(WORK TO BE COMPLETED)
If a line in the records below contains "Piece", copy that line.

(DATA FOR REVIEW)
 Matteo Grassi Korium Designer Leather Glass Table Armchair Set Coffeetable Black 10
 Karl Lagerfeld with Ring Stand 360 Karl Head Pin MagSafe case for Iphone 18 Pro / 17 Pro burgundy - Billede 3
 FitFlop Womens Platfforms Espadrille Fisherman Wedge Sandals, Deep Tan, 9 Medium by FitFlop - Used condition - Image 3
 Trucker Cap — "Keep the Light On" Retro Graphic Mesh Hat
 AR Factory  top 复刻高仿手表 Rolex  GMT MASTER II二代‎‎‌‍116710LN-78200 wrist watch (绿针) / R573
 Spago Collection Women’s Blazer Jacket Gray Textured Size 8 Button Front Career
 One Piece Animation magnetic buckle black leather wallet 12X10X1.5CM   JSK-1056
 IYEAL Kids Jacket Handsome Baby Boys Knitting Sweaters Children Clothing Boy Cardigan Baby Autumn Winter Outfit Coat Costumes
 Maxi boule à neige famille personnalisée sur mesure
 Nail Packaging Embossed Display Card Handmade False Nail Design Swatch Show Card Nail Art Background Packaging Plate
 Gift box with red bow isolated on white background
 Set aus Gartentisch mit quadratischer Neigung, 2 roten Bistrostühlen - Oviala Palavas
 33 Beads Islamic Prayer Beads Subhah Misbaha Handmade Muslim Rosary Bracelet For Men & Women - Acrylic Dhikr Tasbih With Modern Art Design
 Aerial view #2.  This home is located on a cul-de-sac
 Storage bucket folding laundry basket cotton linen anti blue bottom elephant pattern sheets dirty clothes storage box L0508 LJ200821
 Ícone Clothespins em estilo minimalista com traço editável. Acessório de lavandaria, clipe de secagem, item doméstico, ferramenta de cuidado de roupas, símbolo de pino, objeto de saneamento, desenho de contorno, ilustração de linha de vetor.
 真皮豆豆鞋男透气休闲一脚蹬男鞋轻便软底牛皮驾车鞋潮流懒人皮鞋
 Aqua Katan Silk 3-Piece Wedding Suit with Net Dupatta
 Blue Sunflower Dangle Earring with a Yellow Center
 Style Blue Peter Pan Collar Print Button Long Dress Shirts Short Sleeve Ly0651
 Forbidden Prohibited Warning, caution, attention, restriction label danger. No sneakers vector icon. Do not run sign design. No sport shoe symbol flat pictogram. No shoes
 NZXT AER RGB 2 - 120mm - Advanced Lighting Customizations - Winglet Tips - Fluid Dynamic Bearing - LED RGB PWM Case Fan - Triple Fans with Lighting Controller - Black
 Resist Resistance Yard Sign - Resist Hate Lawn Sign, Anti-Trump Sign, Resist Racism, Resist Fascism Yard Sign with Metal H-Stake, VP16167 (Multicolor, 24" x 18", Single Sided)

(ANSWER BOX)
 One Piece Animation magnetic buckle black leather wallet 12X10X1.5CM   JSK-1056
 Aqua Katan Silk 3-Piece Wedding Suit with Net Dupatta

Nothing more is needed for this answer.